Travel

When life is sideways…

Sarah / November 21, 2017

Our life is sideways right now, and that just doesn’t feel good.  With a two week trial at the end of May that consumed me for more than a year, Paul and I haven’t been able to spend the kind of time together on the boat that we usually are.  Time that we need.  My last night there was New Year’s, and we had a great evening with good friends.

If we had known then what we know now, would we have done anything different after this picture was taken? 

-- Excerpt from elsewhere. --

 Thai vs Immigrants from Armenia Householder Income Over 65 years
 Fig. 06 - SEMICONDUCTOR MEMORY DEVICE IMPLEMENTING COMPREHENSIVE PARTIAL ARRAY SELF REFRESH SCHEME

Since I had been ignoring Paul for months, we had planned to disappear together just as soon as trial was over, but… well… trials don’t always go the way you work so hard to make them go.  And then I got consumed with more good work – which helped me dust off my knees and patch up my pride.  And then I did what I do and hopped the next flight to Geneva to spend some time with with Em and Chris for a few days.  And then before I knew it, Paul was heading to Pale Horse* to keep her safe for another hurricane season, and I was working hard to get my work under control so that I could go spend some time in my favorite place with my best friend – just the two of us – during my favorite time of the year.

And then this happened…

Un mois d'activité tropicale dans l'Atlantique résumé en 52 secondes.

Posted by Observatoire Keraunos on Friday, September 22, 2017

Which led to our life – literally and figuratively – being sideways.

We are hurting.  We are missing a life that we love.

I can’t tell you how much I wish I had made the time to go to Pale Horse in June. 

We can’t change the fact that the place that has always brought us solace is physically and financially devastated now.

So, Paul and I decided that we really needed the healing that only the sea can provide.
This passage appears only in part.